The sokol-gfx 'compute milestone 2' update
In a couple of days I will merge the next breaking sokol_gfx.h update (aka the compute-ms2
update) which makes working with buffer objects a bit more flexible and will allow
compute shaders to write to sg_image
objects via ‘compute pass attachments’.
The update also comes with a matching sokol-shdc update which writes additional
reflection information for storage images used in compute shaders into the
code-generated sg_shader_desc
struct.
NOTE: all WASM sample URLs in the blog post require a WebGPU capable browser and will only be valid after the merge.
The implementation ticket is here, and this also has links to all related PRs: https://github.com/floooh/sokol/issues/1244
Updated documentation sections
- in sokol_gfx.h, re-read the updated section ON COMPUTE PASSES
- if you’re not using sokol-shdc for shader compilation, also re-read the updated section ON SHADER CREATION (most of that information is only needed when not using sokol-shdc though)
- read the new doc section ON STORAGE IMAGES
An important behaviour change for immutable buffer objects
The initial ‘compute shader’ update allowed to create immutable buffers without initial data and guaranteed that the buffer content would be zero-initialized. On some backend APIs this required a temporary memory allocation of the buffer size which obviously wasn’t great.
This guaranteed zero-initialization has been rolled back now and the rules for creating immutable buffer objects have been changed like this:
- when creating an immutable non-storage-buffer object (e.g. the buffer cannot be written to with a compute shader), initial data must be provided
- when creating an immutable storage-buffer object, no initial data needs to provided, but in that case the buffer content will be ‘undefined’
In practice this means that when you use a compute shader to initialize storage buffer content you can no longer rely on the initial buffer content being zero-initialized, instead write all buffer items in the compute shader, even when they are supposed to be zero.
Multi-purpose buffer objects
It’s now possible to bind the same buffer object to different bind points (e.g. bind the same buffer as vertex buffer, index buffer and/or storage buffer). This means the following scenarios are now enabled:
- It’s possible to stash vertices and indices into the same buffer (with the exception of WebGL2 where this is explicitly disallowed)
- It’s now possible to use a compute shader to write data to a buffer, and then bind this buffer as vertex- or index-buffer.

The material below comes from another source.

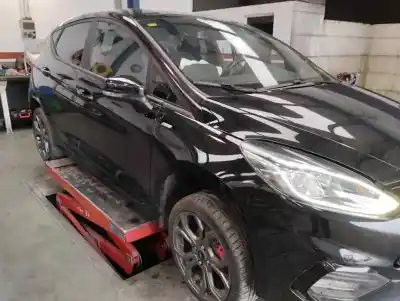 Scrapping Vehicle ford fiesta (ce1) 1.0 ecoboost of the year 2019 powered sfjn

To achieve this, the sg_buffer_desc
struct has been changed to merge the previous
buffer type and buffer usage enum items into a new sg_buffer_usage
struct which is a
boolean flag group:
typedef struct sg_buffer_usage {
bool vertex_buffer;
bool index_buffer;
bool storage_buffer;
bool immutable;
bool dynamic_update;
bool stream_update;
} sg_buffer_usage;
The default setup configures an immutable vertex buffer (just as before), e.g. creating a buffer object like this:
const sg_buffer buf = sg_make_buffer(&(sg_buffer_desc){
.data = SG_RANGE(vertices),
})
…is identical with:
const sg_buffer buf = sg_make_buffer(&(sg_buffer_desc){
.usage = {
.vertex_buffer = true,
.immutable = true,
},
.data = SG_RANGE(vertices),
});
…to create an immutable index buffer:
const sg_buffer buf = sg_make_buffer(&(sg_buffer_desc){
.usage = {
.index_buffer = true,
},
.data = SG_RANGE(indices),
});
…to create an index buffer with stream-update hint:
const sg_buffer buf = sg_make_buffer(&(sg_buffer_desc){
.usage = {
.index_buffer = true,
.stream_update = true,
},
});
…to create a buffer that can be written by a compute shader and then bound to a vertex buffer bindpoint:
const sg_buffer buf = sg_make_buffer(&(sg_buffer_desc){
.usage = {
.vertex_buffer = true,
.storage_buffer = true,
},
});
…and the same as index buffer:
const sg_buffer buf = sg_make_buffer(&(sg_buffer_desc){
.usage = {
.index_buffer = true,
.storage_buffer = true,
},
});
To stash both vertices and indices into the same buffer object:
const sg_buffer buf = sg_make_buffer(&(sg_buffer_desc){
.usage = {
.vertex_buffer = true,
.index_buffer = true,
},
.data = SG_RANGE(vertices_and_indices),
});
Note that ‘multi-purpose buffer usage’ is explicitly disallowed on WebGL2 (which is
only relevant for using a single buffer to hold vertex- and index-data, since
storage buffers are not available on WebGL2 anyway). To check for this restriction
use the new sg_features.separate_buffer_types
boolean:
if (!sg_query_features().separate_buffer_types) {
const sg_buffer buf = sg_make_buffer(&(sg_buffer_desc){
.usage = {
.vertex_buffer = true,
.index_buffer = true,
},
.data = SG_RANGE(vertices_and_indices),
});
}
Any invalid combination of usage flags will also be checked in the sokol-gfx validation layer.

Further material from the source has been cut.